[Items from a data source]

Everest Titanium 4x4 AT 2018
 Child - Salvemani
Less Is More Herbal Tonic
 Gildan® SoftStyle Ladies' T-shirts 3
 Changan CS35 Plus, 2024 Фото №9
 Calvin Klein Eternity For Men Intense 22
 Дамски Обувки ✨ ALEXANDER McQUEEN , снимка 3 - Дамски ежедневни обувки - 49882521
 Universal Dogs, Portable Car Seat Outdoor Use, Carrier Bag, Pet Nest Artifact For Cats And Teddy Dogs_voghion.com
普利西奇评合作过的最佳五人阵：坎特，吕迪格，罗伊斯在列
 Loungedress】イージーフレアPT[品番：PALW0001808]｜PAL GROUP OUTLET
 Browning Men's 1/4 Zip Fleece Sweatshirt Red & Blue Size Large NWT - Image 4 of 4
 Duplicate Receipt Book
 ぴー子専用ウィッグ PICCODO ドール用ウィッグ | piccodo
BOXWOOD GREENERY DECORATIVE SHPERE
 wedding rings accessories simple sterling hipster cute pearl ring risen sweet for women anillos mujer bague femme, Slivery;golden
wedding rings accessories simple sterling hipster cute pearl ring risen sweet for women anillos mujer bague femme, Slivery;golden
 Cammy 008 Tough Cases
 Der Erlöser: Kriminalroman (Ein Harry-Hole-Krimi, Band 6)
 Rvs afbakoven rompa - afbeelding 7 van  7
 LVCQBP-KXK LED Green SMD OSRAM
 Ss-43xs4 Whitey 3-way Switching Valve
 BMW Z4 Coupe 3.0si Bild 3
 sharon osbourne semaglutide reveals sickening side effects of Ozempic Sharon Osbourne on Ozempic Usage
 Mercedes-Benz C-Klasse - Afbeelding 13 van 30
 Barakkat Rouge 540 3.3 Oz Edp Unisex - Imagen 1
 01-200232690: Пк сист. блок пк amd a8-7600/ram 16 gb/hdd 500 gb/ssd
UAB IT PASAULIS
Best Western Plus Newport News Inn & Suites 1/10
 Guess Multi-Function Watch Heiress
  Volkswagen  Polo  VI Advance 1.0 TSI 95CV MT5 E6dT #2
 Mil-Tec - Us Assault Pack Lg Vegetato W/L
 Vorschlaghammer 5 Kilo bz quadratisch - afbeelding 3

Your objective:
Your task is to write out, exactly, the line that contains "UAB IT PASAULIS" and each line after it to the end of the data, with no other lines.

Result:
UAB IT PASAULIS
Best Western Plus Newport News Inn & Suites 1/10
 Guess Multi-Function Watch Heiress
  Volkswagen  Polo  VI Advance 1.0 TSI 95CV MT5 E6dT #2
 Mil-Tec - Us Assault Pack Lg Vegetato W/L
 Vorschlaghammer 5 Kilo bz quadratisch - afbeelding 3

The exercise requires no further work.